*PROBLEM STATEMENT:* Write out the listing from the line with "Global Submarine Cable" to the line with "Не х 9 и х нечетное.", both lines included, exactly and nothing beyond. Leave pictures out.

*DATA FOR THE TASK:*
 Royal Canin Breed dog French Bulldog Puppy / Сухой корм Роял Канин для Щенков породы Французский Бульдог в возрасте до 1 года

* * *

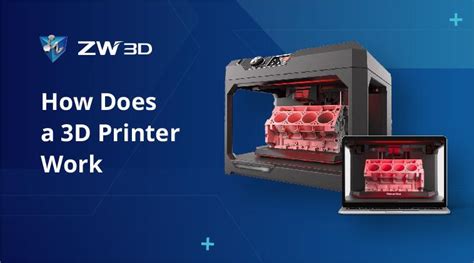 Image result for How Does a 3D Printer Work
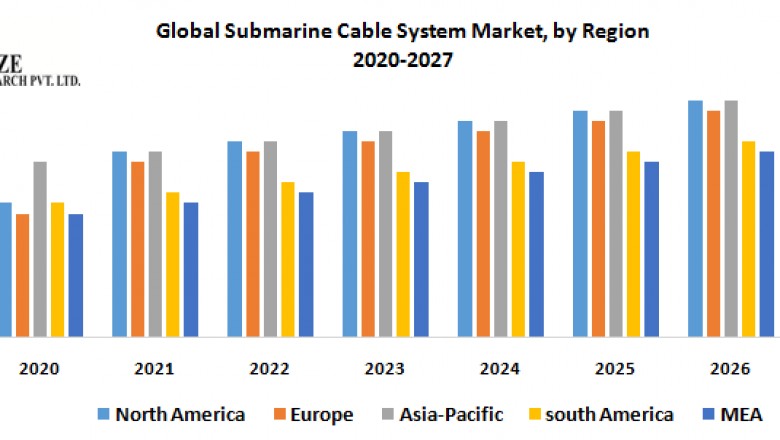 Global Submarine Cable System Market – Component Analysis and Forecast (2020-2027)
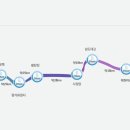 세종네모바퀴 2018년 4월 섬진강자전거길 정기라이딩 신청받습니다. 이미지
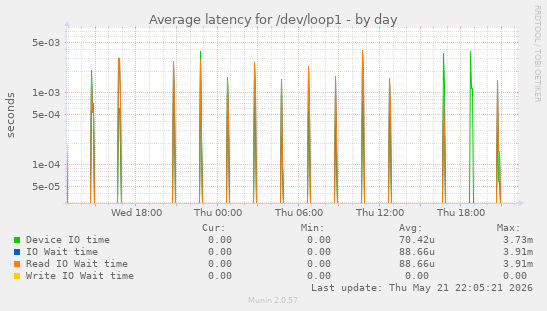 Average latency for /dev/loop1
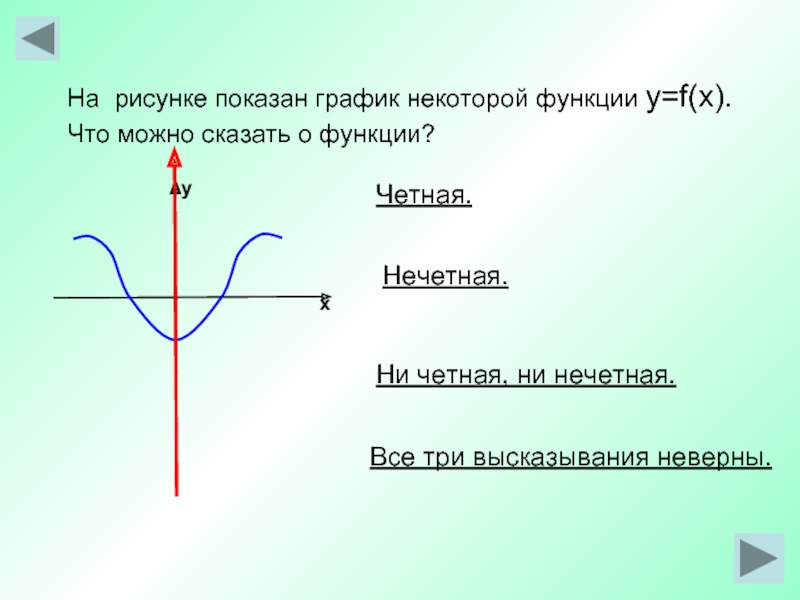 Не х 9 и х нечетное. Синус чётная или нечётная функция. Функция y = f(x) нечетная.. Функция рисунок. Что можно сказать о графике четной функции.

--

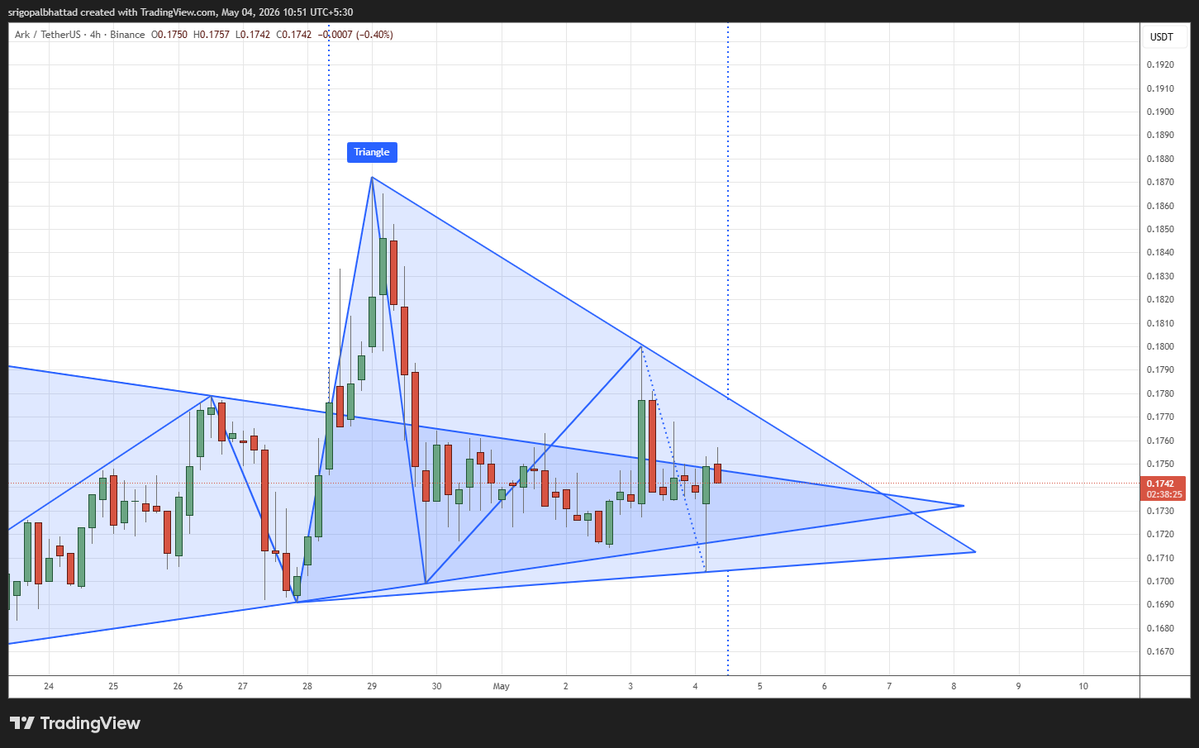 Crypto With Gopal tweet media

*SOLUTION TO THIS PROBLEM:*
 Global Submarine Cable System Market – Component Analysis and Forecast (2020-2027)
 세종네모바퀴 2018년 4월 섬진강자전거길 정기라이딩 신청받습니다. 이미지
 Average latency for /dev/loop1
 Не х 9 и х нечетное. Синус чётная или нечётная функция. Функция y = f(x) нечетная.. Функция рисунок. Что можно сказать о графике четной функции.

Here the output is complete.